■ **Exercise directions**
Using the data below, restate exactly every line from the one with "MH17: corpos foram todos removidos - TVI" up to and including the one with "Weakley Farmers Co-op logo design by jetzu". No picture belongs in it.

■ **Dataset records**

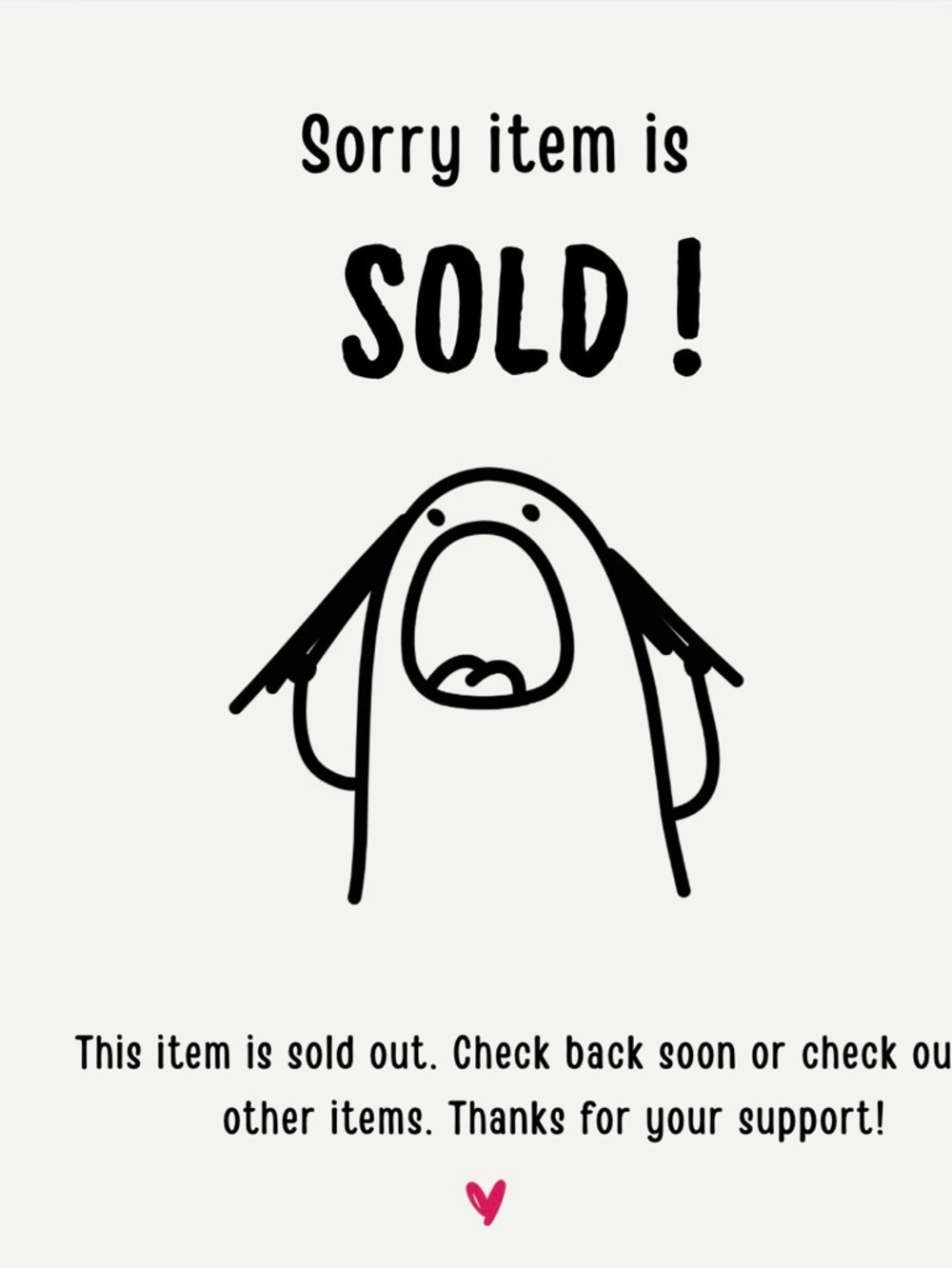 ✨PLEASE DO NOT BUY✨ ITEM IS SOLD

--

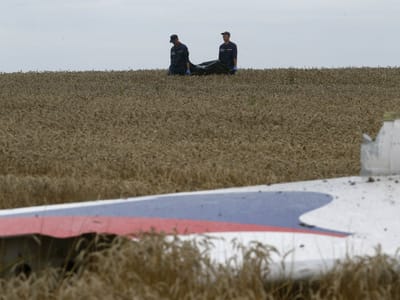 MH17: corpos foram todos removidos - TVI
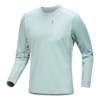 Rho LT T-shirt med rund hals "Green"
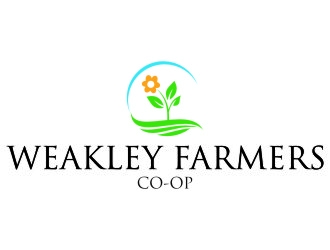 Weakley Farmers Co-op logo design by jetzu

■ **Solved exercise**
 MH17: corpos foram todos removidos - TVI
 Rho LT T-shirt med rund hals "Green"
 Weakley Farmers Co-op logo design by jetzu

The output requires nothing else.